┌─ Supplied data

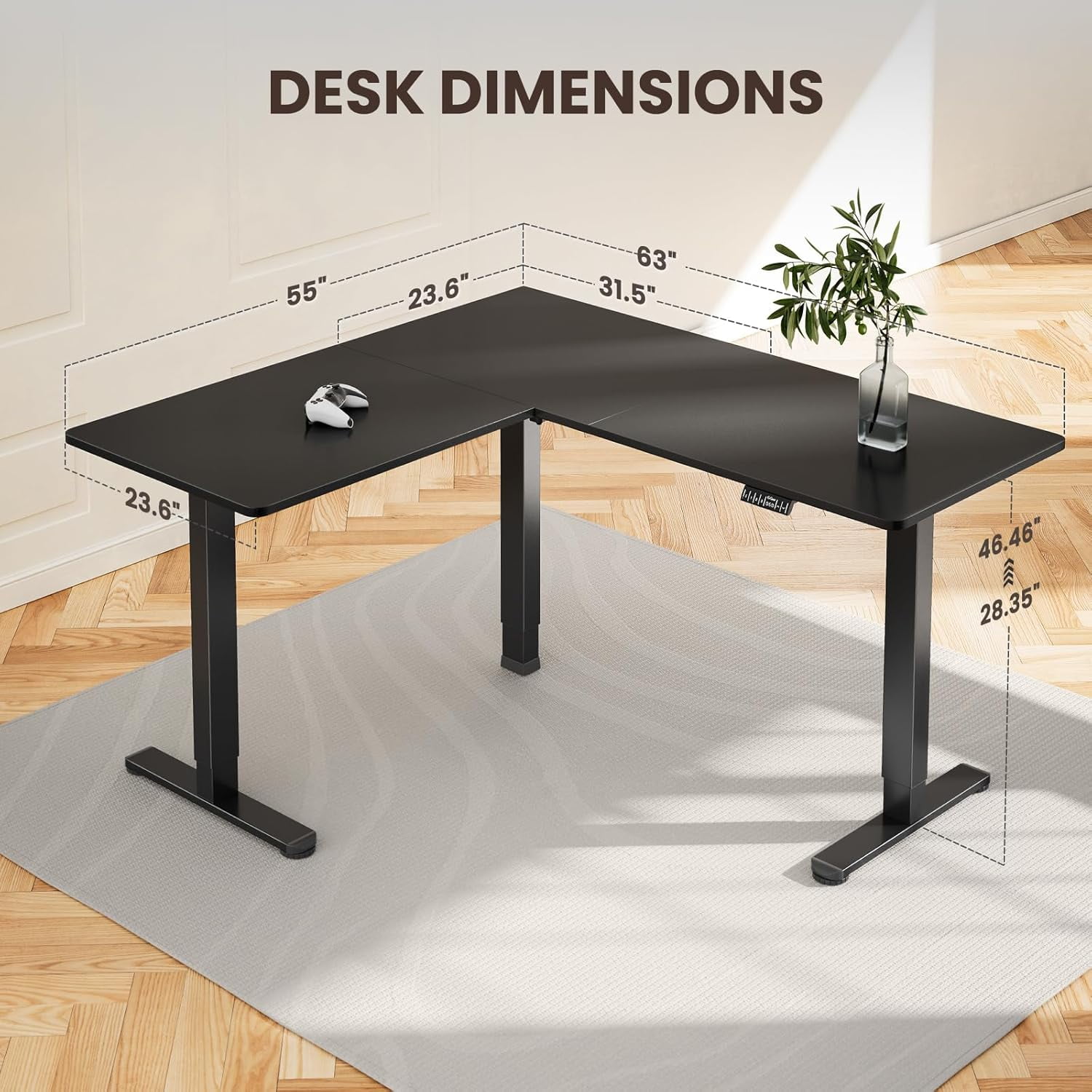Kyspho L Shaped Standing Desk, 63" x 55" Electric Height Adjustable Sit Stand up Desk, Corner Computer Table for Home Office, Interchangeable Installation of Left and Right, Black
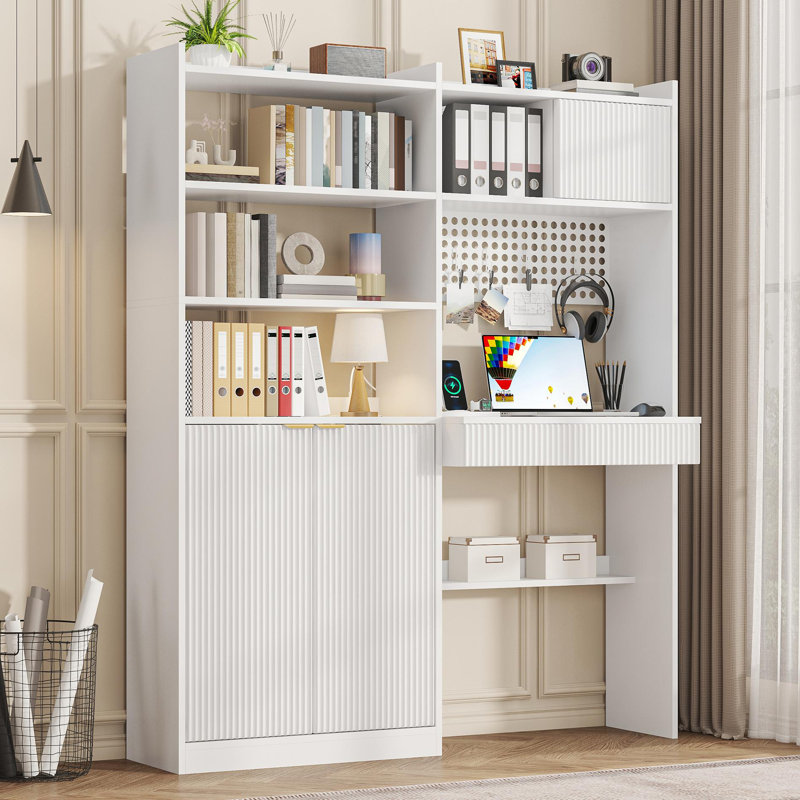 63" Tall Computer Desk With Hutch, Fluted Wood Computer Desk, Featuring Charging Station, Drawer And Storage Cabinet, For Home Office Work And Study,White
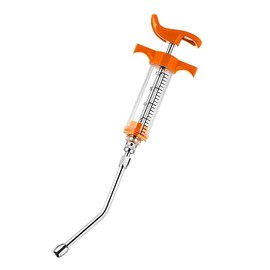 1 Set Feeding Syringe with Drench Nozzle Adjustable Dosage Reusable Drench Gun Syringe for Goat, Horse, Sheep, Dog, Pig, Cat, Bird, Small Pet (S-20ml)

└─

Could you copy the listing exactly, leaving out any pictures?

Kyspho L Shaped Standing Desk, 63" x 55" Electric Height Adjustable Sit Stand up Desk, Corner Computer Table for Home Office, Interchangeable Installation of Left and Right, Black
 63" Tall Computer Desk With Hutch, Fluted Wood Computer Desk, Featuring Charging Station, Drawer And Storage Cabinet, For Home Office Work And Study,White
 1 Set Feeding Syringe with Drench Nozzle Adjustable Dosage Reusable Drench Gun Syringe for Goat, Horse, Sheep, Dog, Pig, Cat, Bird, Small Pet (S-20ml)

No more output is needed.